Collected data entries
# # # # # # #

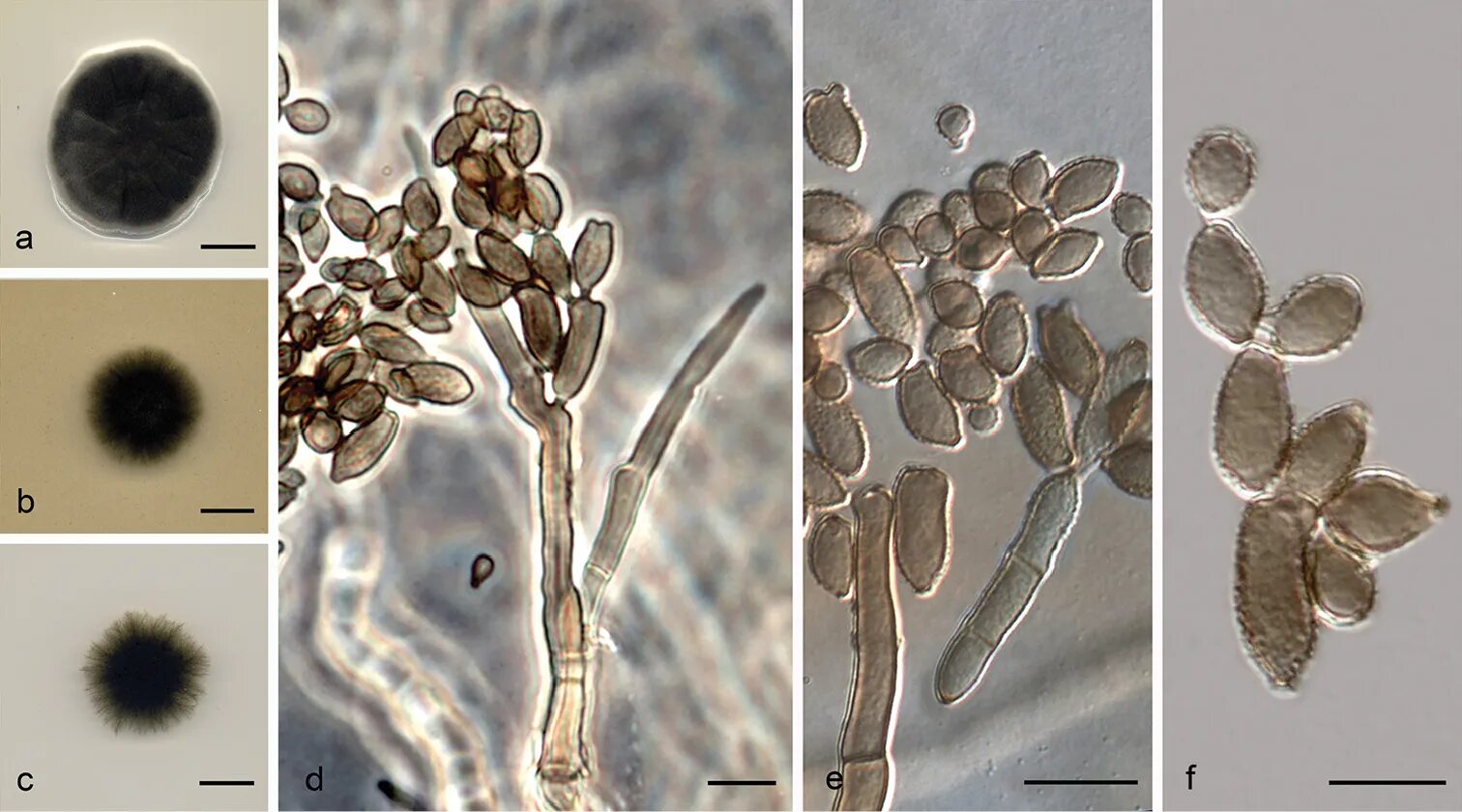 Плесневый гриб кладоспориум. Cladosporium herbarum. Кладоспориум растение. (cladosporium fulvum грибы. Плесень кладоспориум.
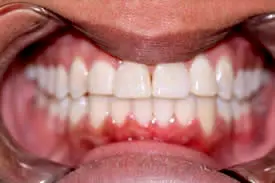 pearson-midline-after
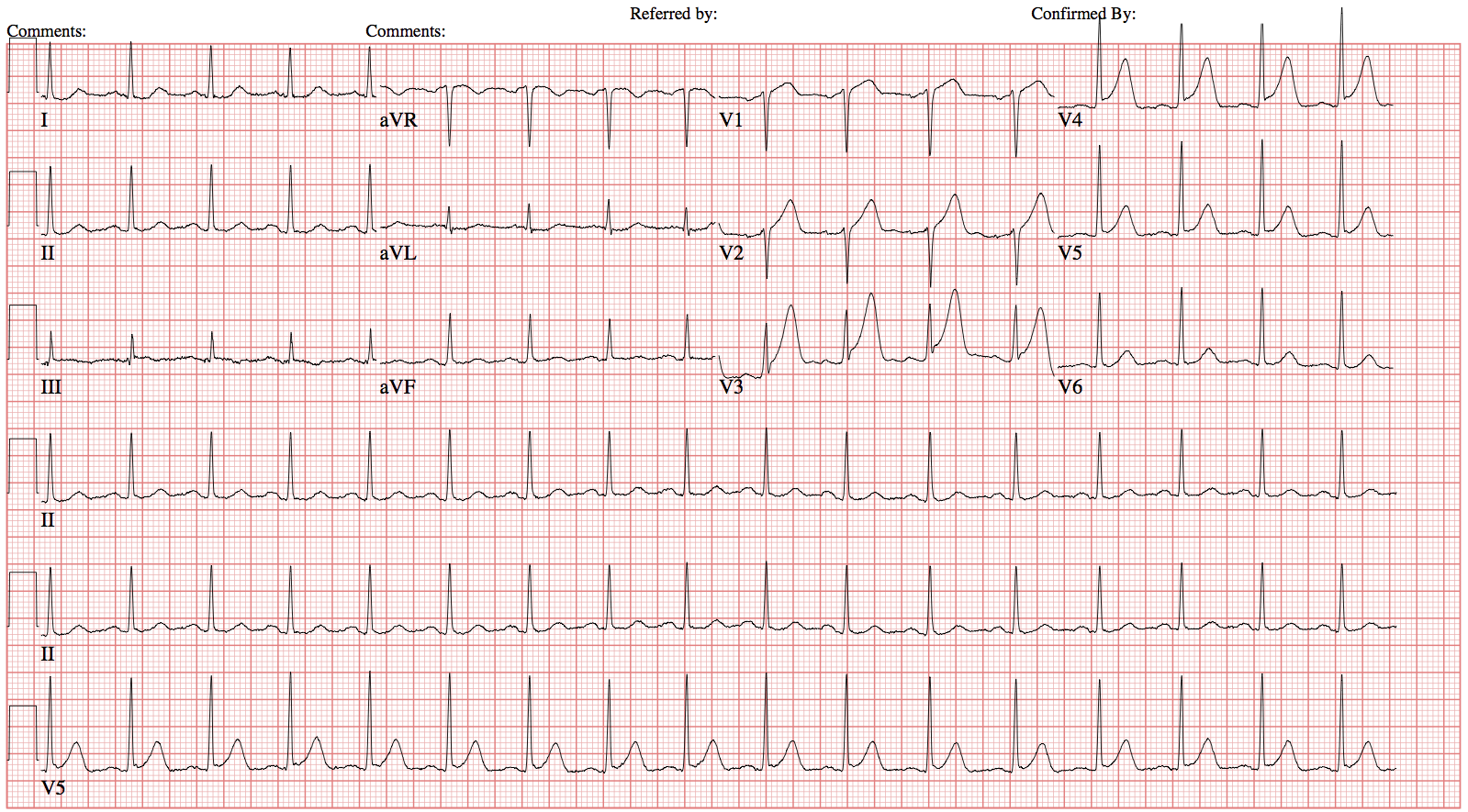 Hyperacute T wave.png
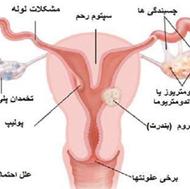 پاکسازی کامل ودائمی رحم و تخمدان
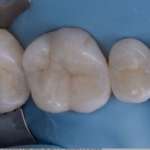 Restauri diretti o indiretti: quale riabilitazione per gli elementi vitali nei settori posteriori?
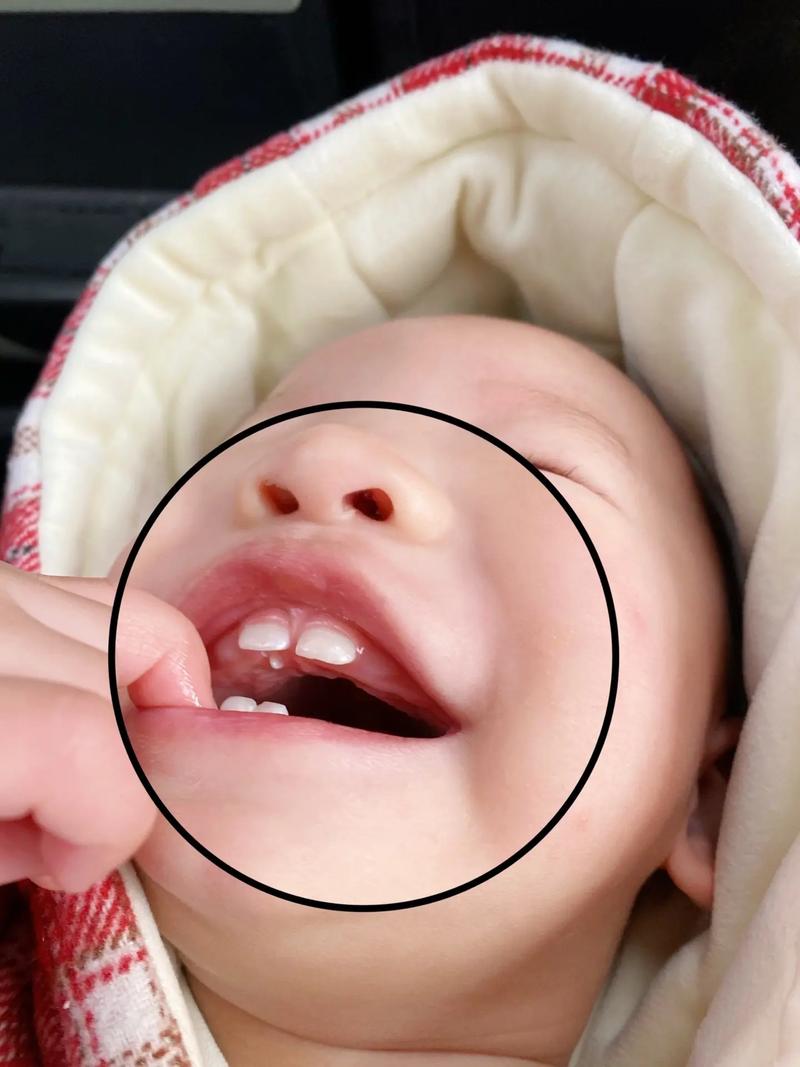 口腔最后面的牙是智齿还是其他问题?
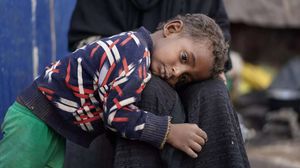معدلات سوء التغذية في اليمن تبقى من بين الأعلى في العالم، حيث يواجه أكثر من نصف السكان البالغ عددهم 33.7 مليون نسمة انعدامًا حادًّا في الأمن الغذائي- (يونيسيف)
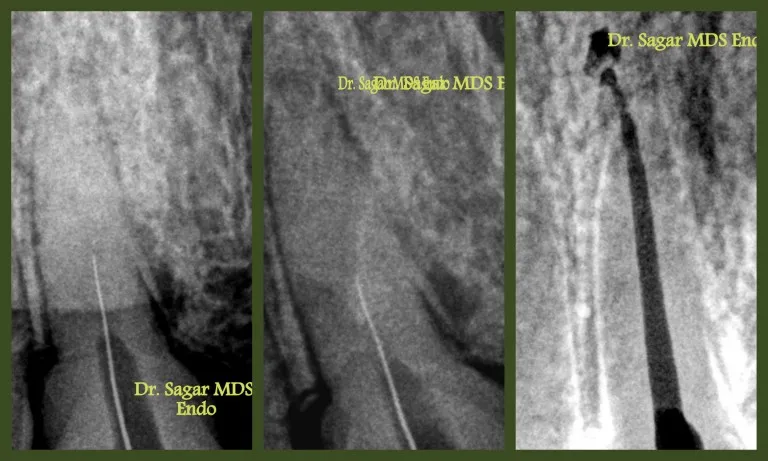 Calcified root canal treatment procedure by dentist in Jamnagar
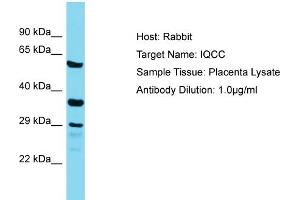 Host: Rabbit Target Name: IQCC Sample Tissue: Human Placenta Antibody Dilution: 1ug/ml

# # # # # # #

▸ **ABOUT THIS EXERCISE**
Reproduce the whole of the data, word for word, and omit its pictures.

▸ **ANSWER TO THE PROBLEM**
 Плесневый гриб кладоспориум. Cladosporium herbarum. Кладоспориум растение. (cladosporium fulvum грибы. Плесень кладоспориум.
 pearson-midline-after
 Hyperacute T wave.png
 پاکسازی کامل ودائمی رحم و تخمدان
 Restauri diretti o indiretti: quale riabilitazione per gli elementi vitali nei settori posteriori?
 口腔最后面的牙是智齿还是其他问题?
معدلات سوء التغذية في اليمن تبقى من بين الأعلى في العالم، حيث يواجه أكثر من نصف السكان البالغ عددهم 33.7 مليون نسمة انعدامًا حادًّا في الأمن الغذائي- (يونيسيف)
 Calcified root canal treatment procedure by dentist in Jamnagar
 Host: Rabbit Target Name: IQCC Sample Tissue: Human Placenta Antibody Dilution: 1ug/ml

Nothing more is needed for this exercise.